My first reaction was bitterness. Why, after preparing me to paint, would God take away the one sense that would allow me to fulfill that dream? My second reaction, however, was a feeling I cannot fully describe, one of gentle chiding and peace. As I felt my anger wash away, I swallowed my initial thoughts and reminded myself that there would be a reason for the pain, as there had always been. I was still scared, but with that comfort, I pressed on. Though at night I cried myself to sleep, during the day I kept my eyes open for as long as I could, drinking in the sunshine that spilled over the edges of the clouds and lingering over patches of weeds that were suddenly beautiful to me. When I finally sought help, I was told to my joy that the spots were actually quite common—only temporary things called "floaters” that would spread no farther and eventually cease to bother me.  

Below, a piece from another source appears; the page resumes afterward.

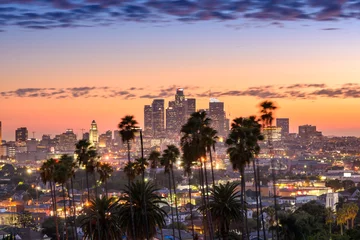 Papier Peint photo autocollant construction de la ville Beau coucher de soleil sur les toits du centre-ville de Los Angeles et palmiers en premier plan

Shortly after that experience, when I had returned to the normal duties and concerns of a teenager, I remembered the innocent question of my childhood; if I had to be one or the other, would I rather go deaf or blind? Recalling my recent scare, I was certain at first of my answer and thought myself quite childish for ever hesitating. I wanted sight. A few nights later, as I danced barefoot in puddles to the music of thunder and rain, I wasn’t so sure.
The world that we see has three different aspects—color, texture, and dimension. Color is the mixture of pigment, shadow and light that makes texture and dimension especially pleasing. This is the only aspect of our tangible, concrete world that would actually be lost to the blind, with only dreams left to tantalize. But even though colorwould be lost, the world we live in would still be assessable through touch and is reborn through texture and sound. Dimension (a combination of size, shape, and distance) and texture would still exist, but would be richer than before. The world of the blind is just as interesting as the world of color, just in a different way. 

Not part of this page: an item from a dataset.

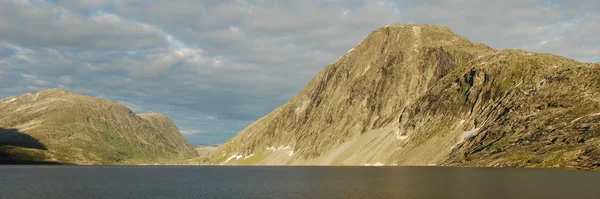 Fjällsjö - djupvatnet sjön, mer og romsdal, Norge — Stockfoto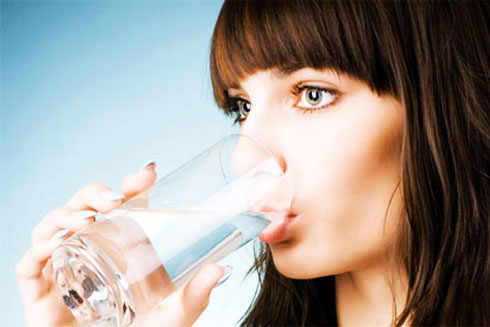 Cung cấp đủ 2 lít nước mỗi ngày sẽ giúp da mặt bạn mịn màng hơn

Sound, on the other hand, is one-sided. Sound cannot be seen, tasted or smelled–it can only be heard. People who are deaf sometimes like to feel the vibrations that are made by loud sounds, but those vibrations are merely another texture and become part of touch. Sound, once lost, is lost forever, and cannot be found again through any other sense. 

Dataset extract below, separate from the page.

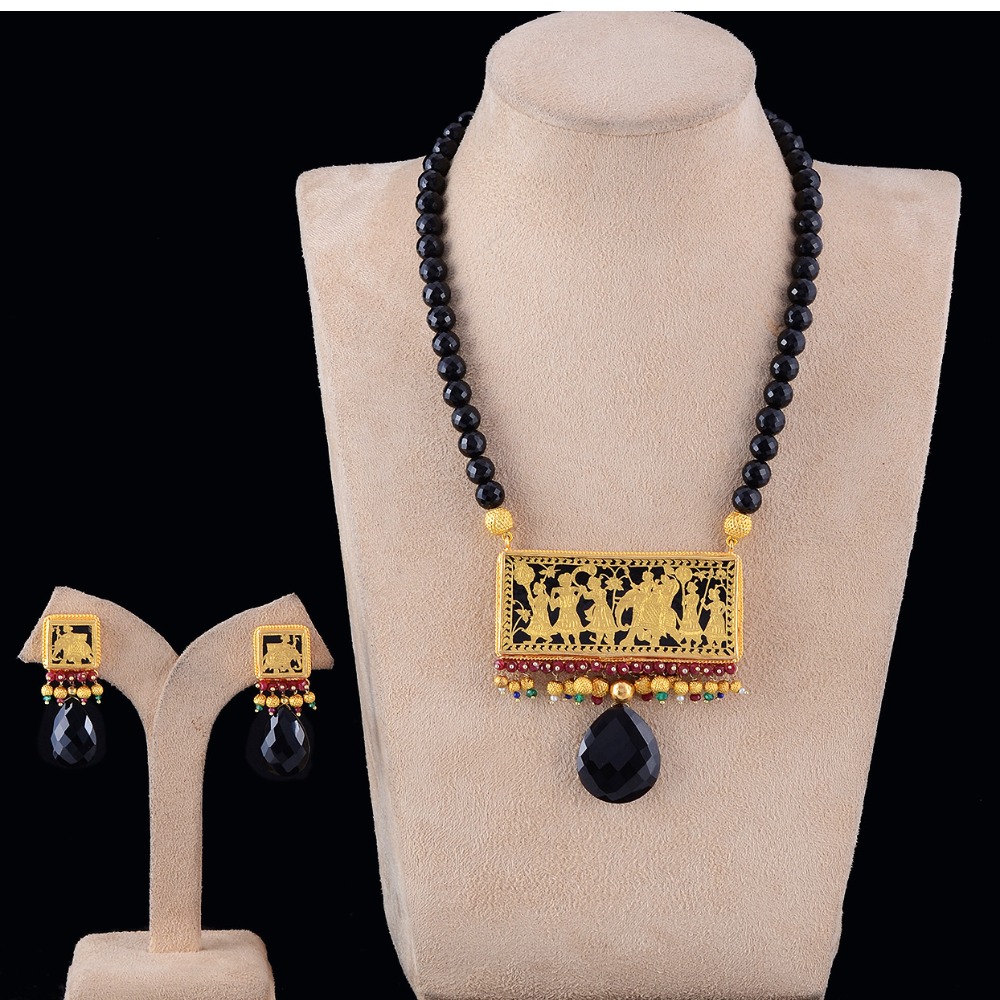 916 KT Antique Ladies Thewa Set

If I had no option but to choose between eternal night and unbroken silence, I would gladly exchange my view of the world to keep the music, and I would not look back. Going ‘blind’, I cultivated an appreciation for my eyes because I was losing them, but discovered a much deeper love for sound, because it is a greater part of me than sight.  Occasionally, I still sit on the porch swing and close my eyes, feeling the breeze brush my skin and listening to the crickets, trying to experience the world through eyes that cannot see, for though I am acquainted with their emotions, the worlds of the blind and the deaf are still mysteries to me.